Do you have a template or useful format for your citation notes?

Thanks, @atiz - you actually provided your solution with BibDesk. I’ve seen some Obsidian users are using external sources like Zotero and BibDesk, and others are creating Source/Citation files directly in Obsidian; which is the primary direction I was looking for. However it seems marrying these two is the best solution. How do you keep track of your Citations in Obsidian via BibDesk?

I just keep a central .bib database where I store all my literature (mostly academic books and articles). They all have a unique citation key and, if I have the pdf, are auto-filed according to certain rules that I can set.

In Obsidian, I use the Citations plugin to create literature notes. I name every note by the citekey (but this is just how I do it; you can name it by the author, title, etc.), and then include the citekey, author, and title in the file itself (you can set up the Citations plugin to do that automatically for you). I also have a link in the file to the pdf (if I have one), and then make whatever note I want to about the paper in question. (I also have my pdf highlights exported to .md that I paste there, with links to the appropriate pages.)
This way I can identify the lit notes very easily. If I need any info that’s not included in Obsidian (publication year, whatever – you could also include these I just try to avoid clutter), I can always look it up in BibDesk. When I want to refer to a lit. note, I use the markdown citations format [@citekey], although I do my final writing in latex so these will get exported via pandoc.

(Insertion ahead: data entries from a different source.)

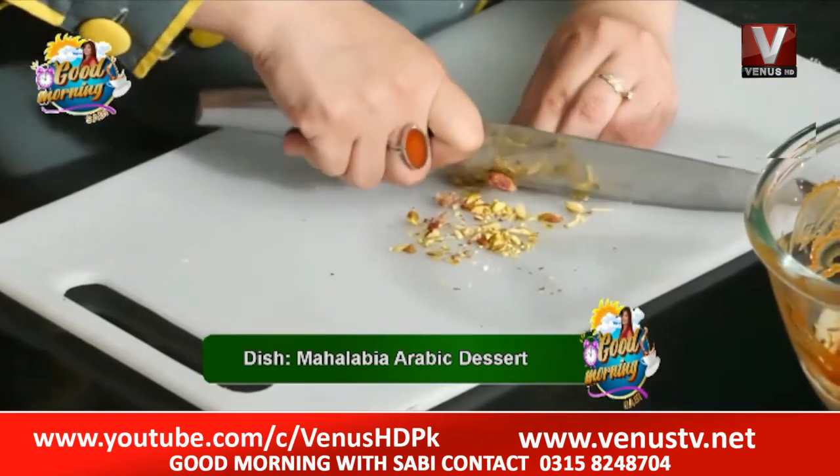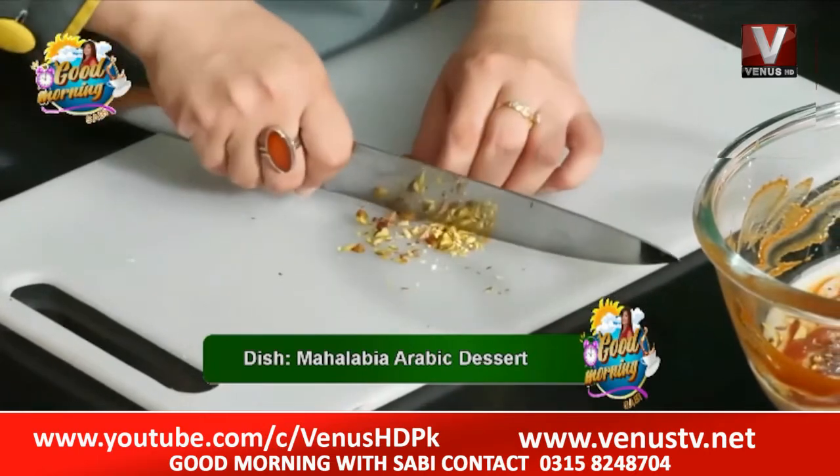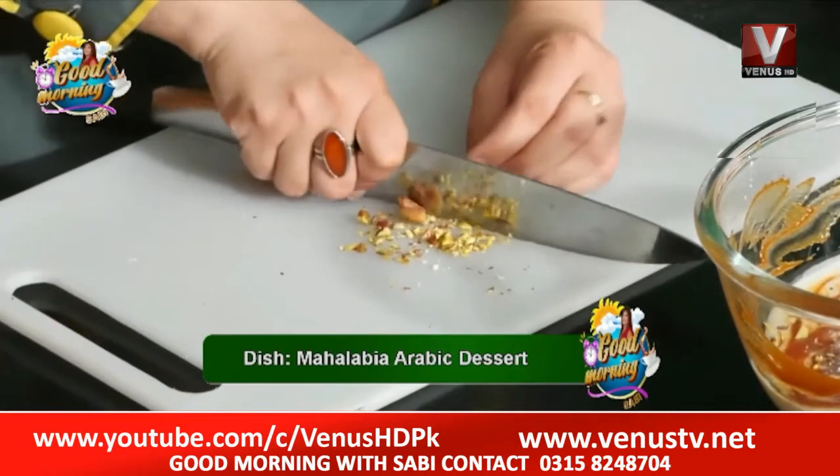I am chopping the paste. We will also add the paste, because the dish is made in Arabic. I will add the paste. We have to add the paste and complete the dish.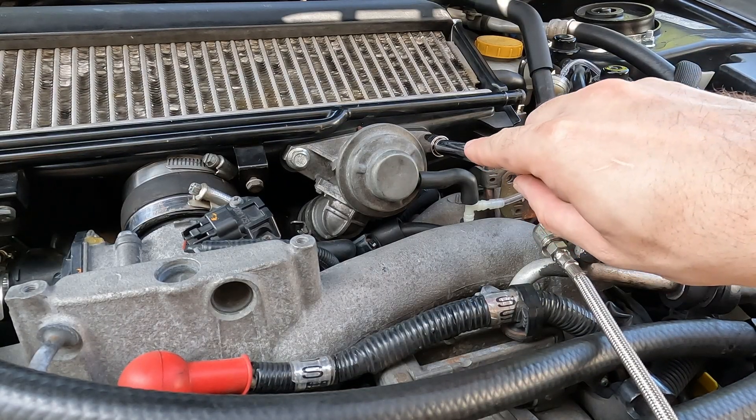With your 10 millimeter socket — actually these are 12s — let's remove the two bolts that are holding the bypass valve to the intercooler.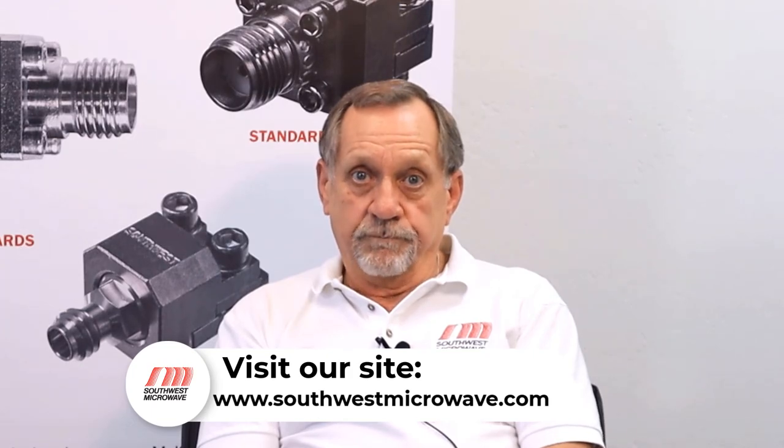Now, if you'd like to review all the different NLaunch Connectors that we have, please visit us on our website, southwestmicrowave.com. And if you have any questions, you can contact us through our website. Thank you.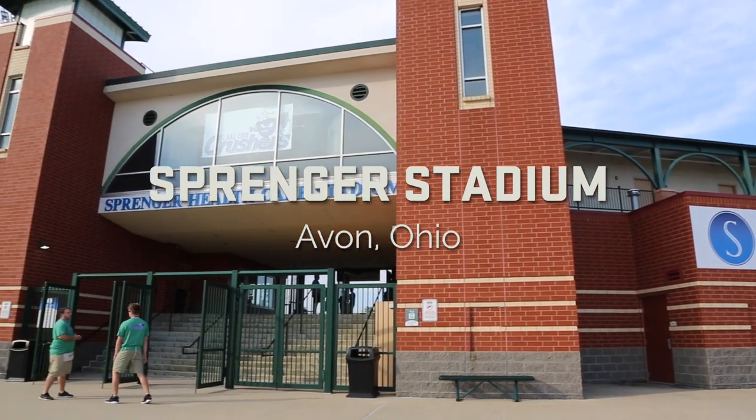Hey, what's up guys? We're here streaming professional softball at the Crusher Stadium in Avon, Ohio, and I'm going to show you our live streaming setup.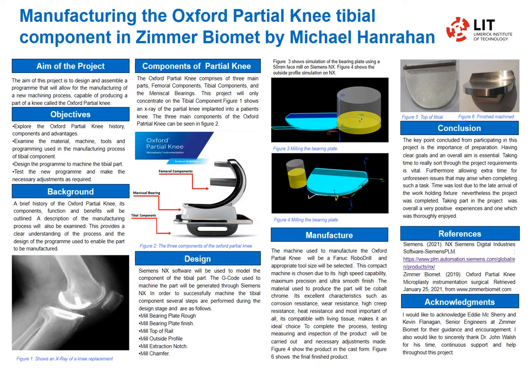Hello, my name is Michael Hanron and my project is to manufacture the Oxford Partial Tibial Component here in Zimmer Biomet in Shannon. The aim of the project is to design a program that will allow for the manufacturing of a new machining process.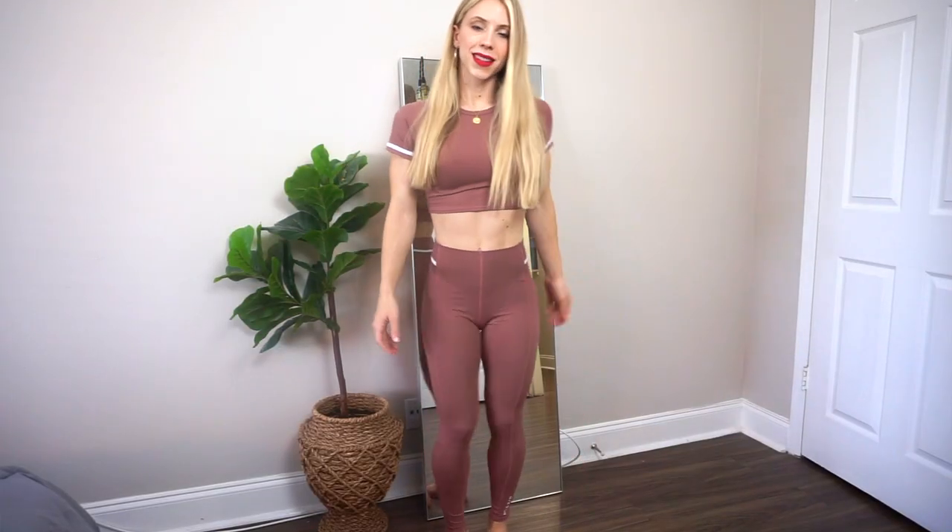Hello everyone, it's Angela and welcome back to my channel. In today's video I'm doing another Squatwolf legging try-on haul and review. Thank you Squatwolf for collaborating with me for the second time — I really cannot wait to show you guys what I have today, so let's just jump right into this video.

Beside the literature notes I also sometimes have some snippets from a work – e.g., a good quote, or something I want to remember. Then I create a separate note for that, and link to the appropriate lit note from it.

Anyway, I’m sure there are a lot of different setups that work well, I’m just used to this. It requires a few different programs (BibDesk, Pandoc, Highlights – which I use for pdf reading), but it works very well for me. I do think though that it is very worth using a dedicated reference manager, no matter how you set up your system.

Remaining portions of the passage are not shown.